Saturday, 13 December 2008

Facebook

When I first got onto Facebook, earlier this year, I was hooked for a short while. Now I barely remember to look at it once a month and when I do, there's usually two or three emails I should have looked at, and loads that I can instantly delete.
It worked for me when Facebook friends were people I knew, then I started accepting requests from anyone who asked (including people with no obvious connection to UK politics, or indeed, the UK, other than the fact they had persuaded lots of other MPs to become their friends already). I'm now bombarded with invites to join groups campaigning against a tree being chopped down somewhere in Northumberland, or to attend events that there is absolutely no possibly of me making.
For example, I've joined a number of 'XXXX for XXXX' groups, to show support for Labour candidates, several of whom I know quite well, but that means you get invited to every single canvassing session, when they live hundreds of miles away. (By some of them, others are more discerning in who they email, for which, thanks. And Paul Smith is allowed to, seeing as I live in what will hopefully be his constituency after the next election, but is mine at the moment).
I also don't like this Superwall business, and I don't want to hug, kick, give hearts to, slap, or do anything like that with anyone online, thank you very much.
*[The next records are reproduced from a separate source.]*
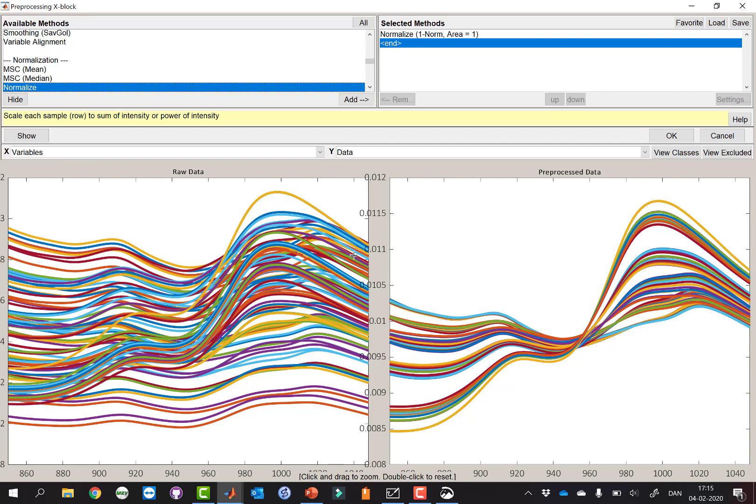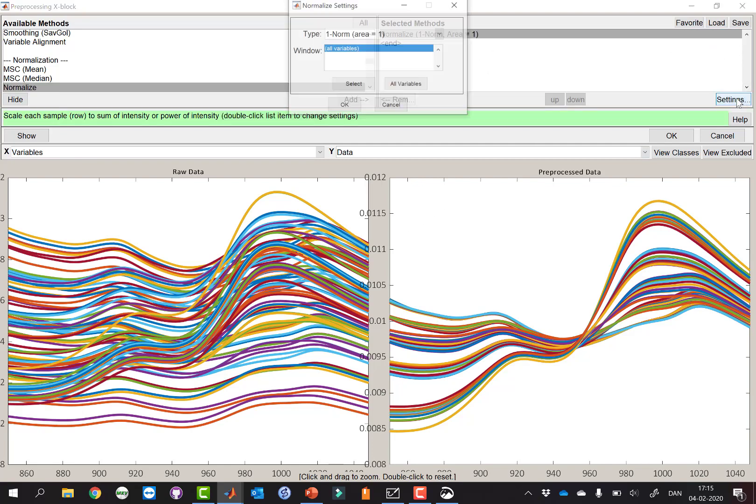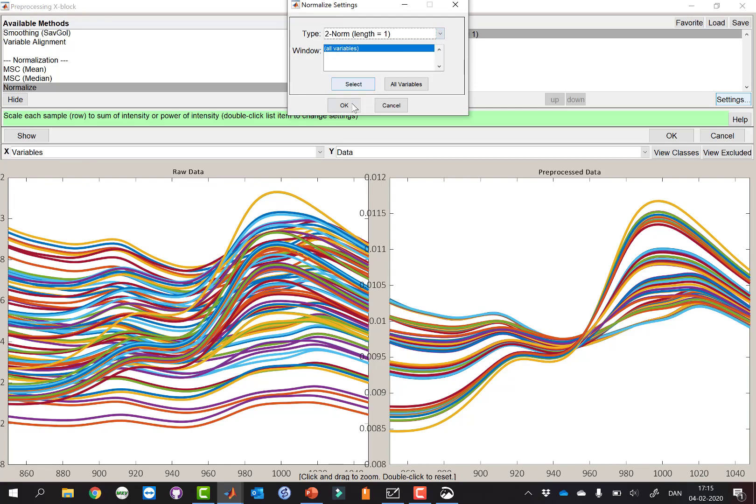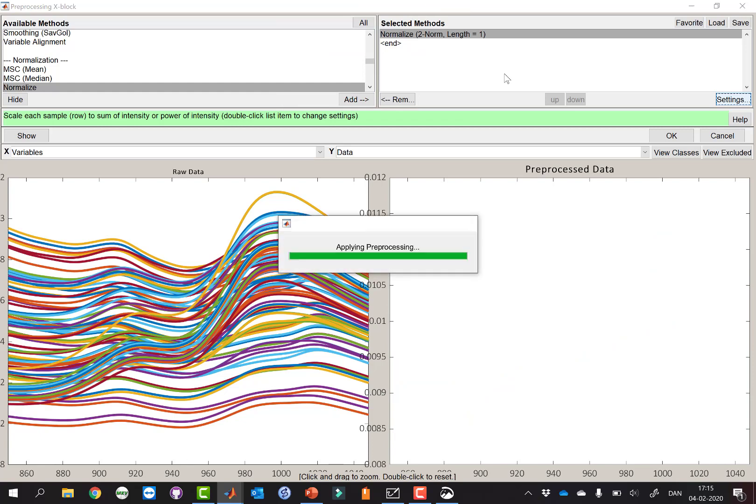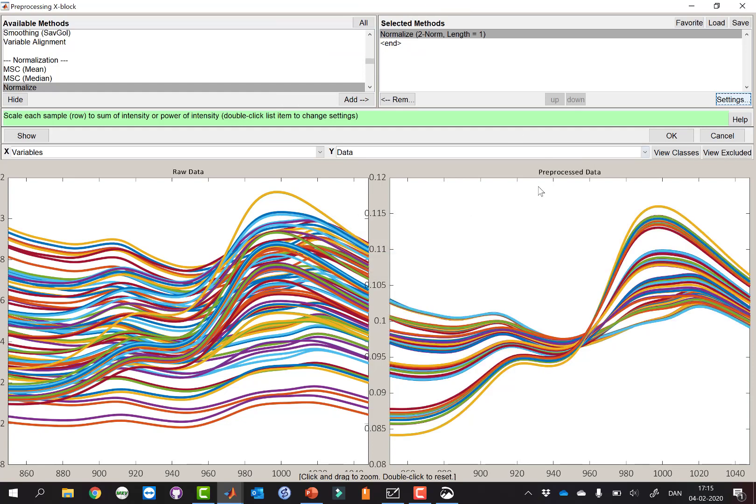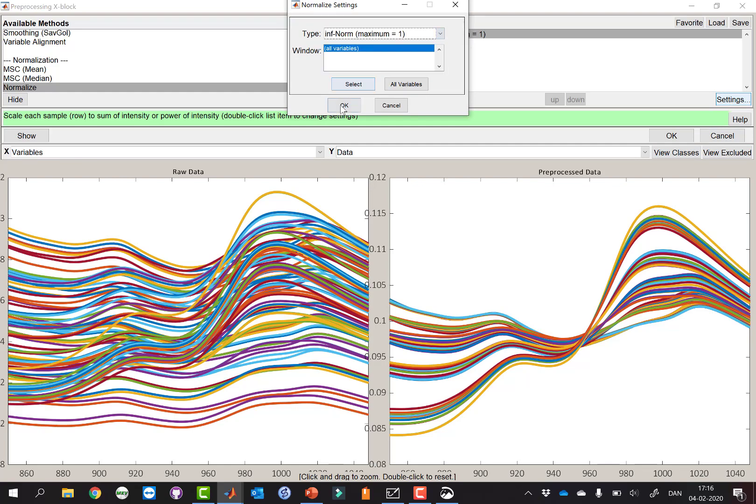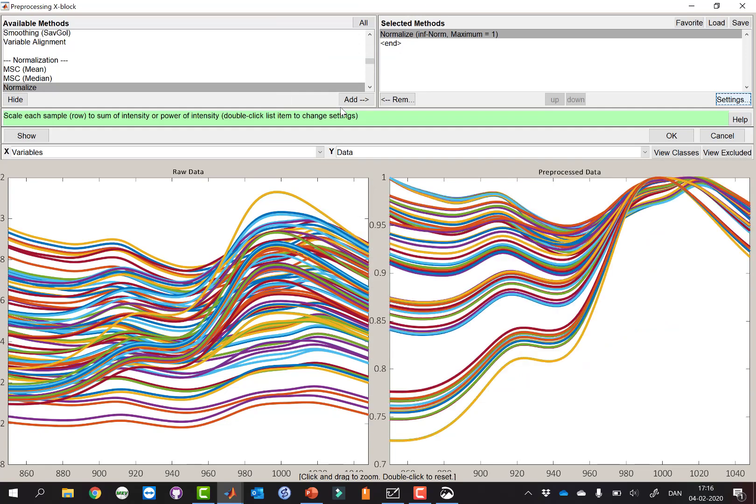Now we can also try and change this, for example, to a two-norm like this, and we'll see that that's more or less giving us a similar quality. It's not exactly the same, but it's similar.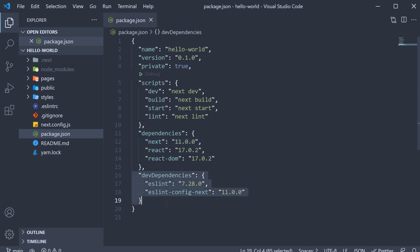Now we also have eslint and eslint config specific to Next.js as dev dependencies. ESLint will help you lint your code or in simpler words, it will highlight warnings and errors in your code and is very helpful during development.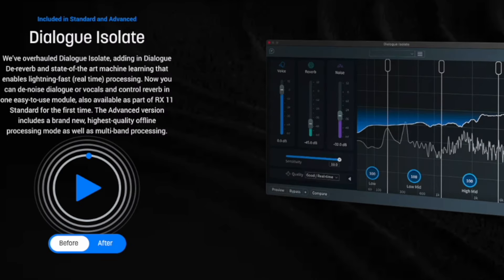Dialog Isolate. They've overhauled Dialog Isolate, adding in Dialog D-Reverb and state-of-the-art machine learning that enables lightning-fast, real-time processing. Now you can denoise dialogue or vocals and control reverb in one easy-to-use module, also available as part of RX11 Standard for the first time. The advanced version includes a brand-new, highest-quality offline processing mode, as well as multi-band processing.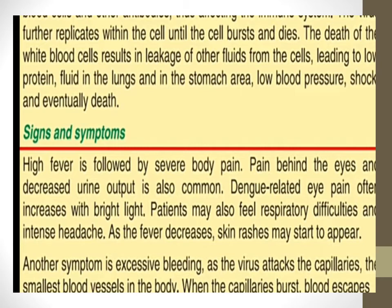In dengue there is also pain behind the eye, decreased urine output, and eye pain that often increases with bright light. The dengue patient may also experience respiratory difficulty and intense headache. As the fever decreases, skin rashes may appear on the body. In severe cases, bleeding is common in the nose and gums, which can lead to decreased blood pressure, internal bleeding, shock, and death.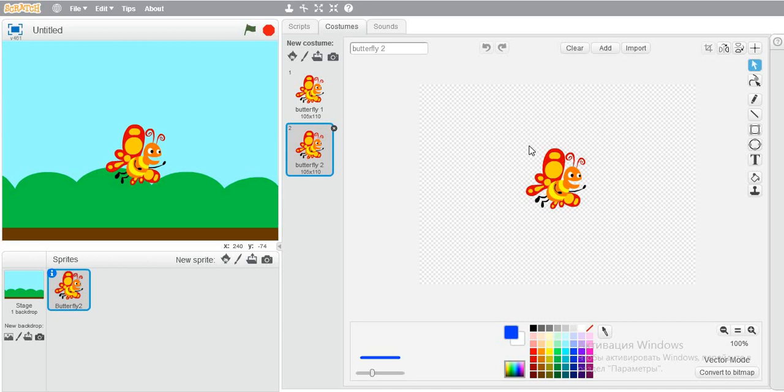You think it's impossible, right? But if you want to move the butterfly's wings, you have to be in vector mode. In bitmap mode, it's impossible.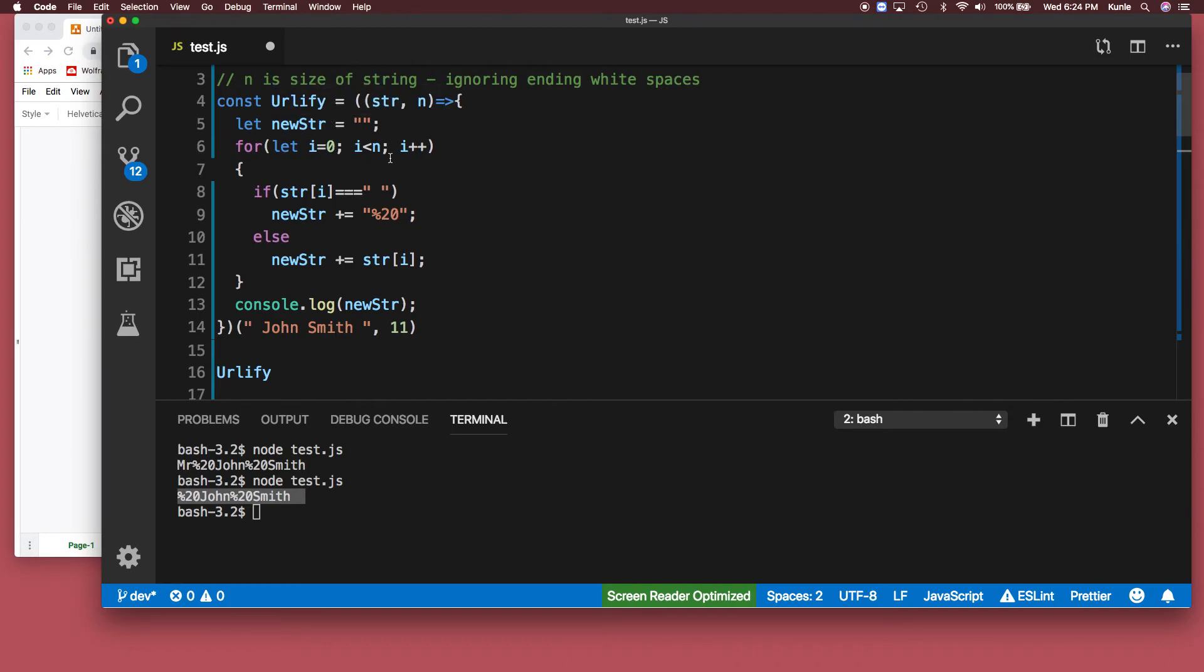And thank you. Oh, the complexity of this by the way is Big O of n because of just one for loop. That's all.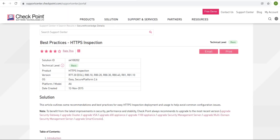Welcome back to my channel Firewall Game. Let's understand how HTTPS inspection works with the help of a Checkpoint technical guide, which is freely available on the Checkpoint firewall site with the name 'Best Practice HTTPS Inspection'.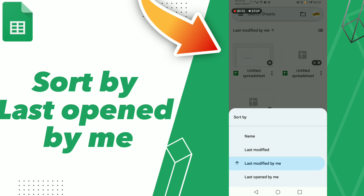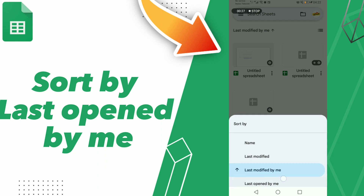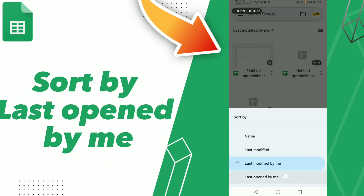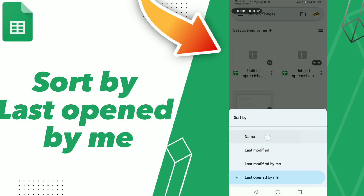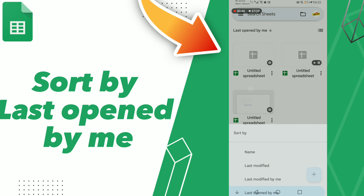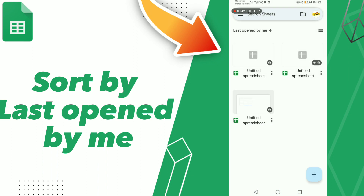Click last opened by me. You can also click last modified by me, last modified, or sort by name. Don't forget to like and subscribe, bye.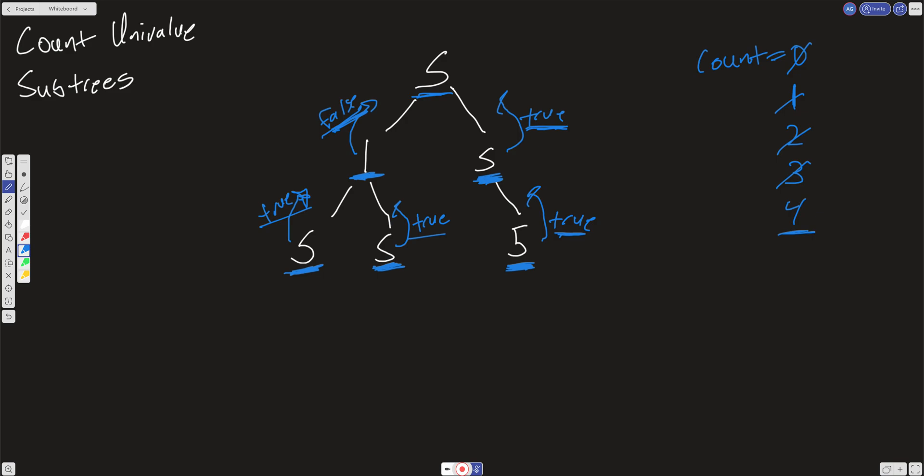Now let's think about time and space complexity. We have to traverse the entire tree doing a depth-first search, hitting every single node exactly once. So our time complexity is O(N).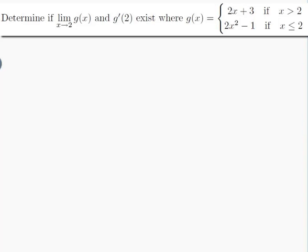The question is: determine if the limit as x approaches 2 of g(x) and g'(2) exist, where g is equal to 2x plus 3 if x is greater than 2, and 2x squared minus 1 if x is less than or equal to 2.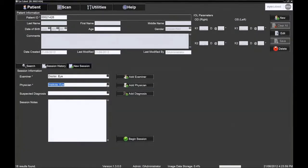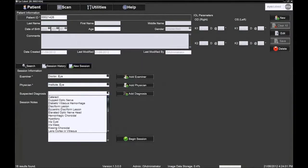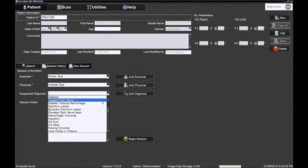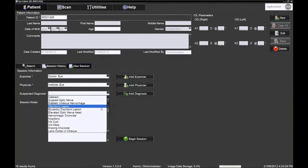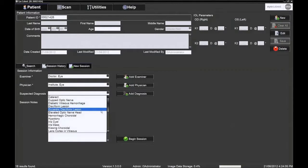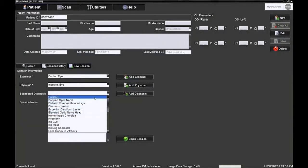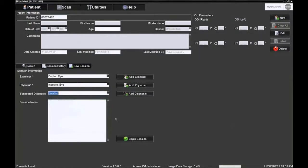At this point, it is possible to add a suspected diagnosis that will be saved in the patient's file. Click begin session to start the examination.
Nor do I particularly want to do quizzes, although I did do the 'Are you a chav?' one many months ago (calling my grandmother 'Nan' was my downfall. They should have just asked 'Is your name Kerry?' as that rapidly seems to be becoming the chav* name du jour, if Jeremy Kyle is anything to go by.)
So... is it worth MPs having a Facebook site? Is there any MP out there who makes good use of it? I'm thinking of maybe having two sites, one for people I know so that it's easy to keep in touch with mates, and one for anyone else who wants to join. But then what do you do if someone asks to join the A team, when you think they're only really a B?
*I accept there is a debate about whether this is an appropriate term to use, and I don't usually. But that's what the quiz was called.

8 comments:

Anonymous said...

Sing if you're glad to be chav!

Anonymous said...

Trim out your facebook contacts, junk all the applications you don't like and you'll find it a much better experience. A lot of people just want to collect 'friends' on there and it adds no value. I stick with people who's status I actually care about reading.

Unknown said...

kill super wall and fun wall, it stops you getting lots of pointless contacts, also you can block invitations to be a pirate, bite a werewolf or all that nonsense. You can have two profiles one open and one for friends only, or a group kerry mccarthy for bristol east. Also I do keep inviting you to go canvassing we meet about 3 minutes walk from your flat.....

Kerry said...

I can't think of a better way to spend a Sunday morning!

Unknown said...

We start door knocking about 11.20 and run for an hour, so not all in the morning

Anonymous said...

you should have a facebook profile just for ppl you know (and you cna make it secret so randoms don't keep adding you), and have a facebook page for public access. then you won't keep getting invited to things. on a page, you don't have friends but 'supporters' and you don't have to approve them.

this is a facebook page:
http://www.facebook.com/barackobama

and i told u this ages ago ;)

Anonymous said...

as for whether there are politicians who make good use of it... there are, but they are mostly americans and/or conservatives...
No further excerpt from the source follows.